1-2.「モルグ街の殺人」を読んで

モルグ街の殺人を読みました。

率直に言うと、そんなオチかよと思いました。というのも、犯人が人間ではないというのはまだ納得できるのですが、事件の真相に何らかの意志が入っていないことにモヤモヤするからです。殺人が発生して探偵が出てくるからには、誰かが真犯人であることを隠したいという意図が入るのが自然だと感じるからですかね。そうはいっても全くの偶然だったという作品もあると思うので、好みの問題というか自分の先入観が多いに影響しているような気がします。いくつかの作品紹介に結論には賛否があるということが書いてあったのでそれも納得です。
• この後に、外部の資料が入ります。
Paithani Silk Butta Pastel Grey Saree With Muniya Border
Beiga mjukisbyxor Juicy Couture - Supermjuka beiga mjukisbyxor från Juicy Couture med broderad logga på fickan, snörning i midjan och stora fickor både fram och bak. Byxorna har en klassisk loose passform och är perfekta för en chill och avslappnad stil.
結論に賛否はあるものの、推理小説の基礎を築いたのは間違いなく偉大な功績ですね。探偵役と相棒のコンビ、意外な犯人など推理小説の基本型がこの作品に詰まっていることは本当に驚くべきこと。

読んでいて浮かんだ疑問として、なぜデュパンは警察に対して嫌味を言うのかということ。確かにデュパンのように極めて論理的に事件を解決する探偵からすれば、視野が狭く事件を解決できない警察を揶揄するのも理解できる。しかしなぜポーはデュパンにその役目を負わせたのだろうか?

一つの仮説としては当時の警察の不甲斐なさを風刺する意図があったとが考えられる。が、この作品が書かれた1841年のアメリカのことを調べてもよくわからなかった。他の作品を読んでいくうちにこの仮説を検証していきたい。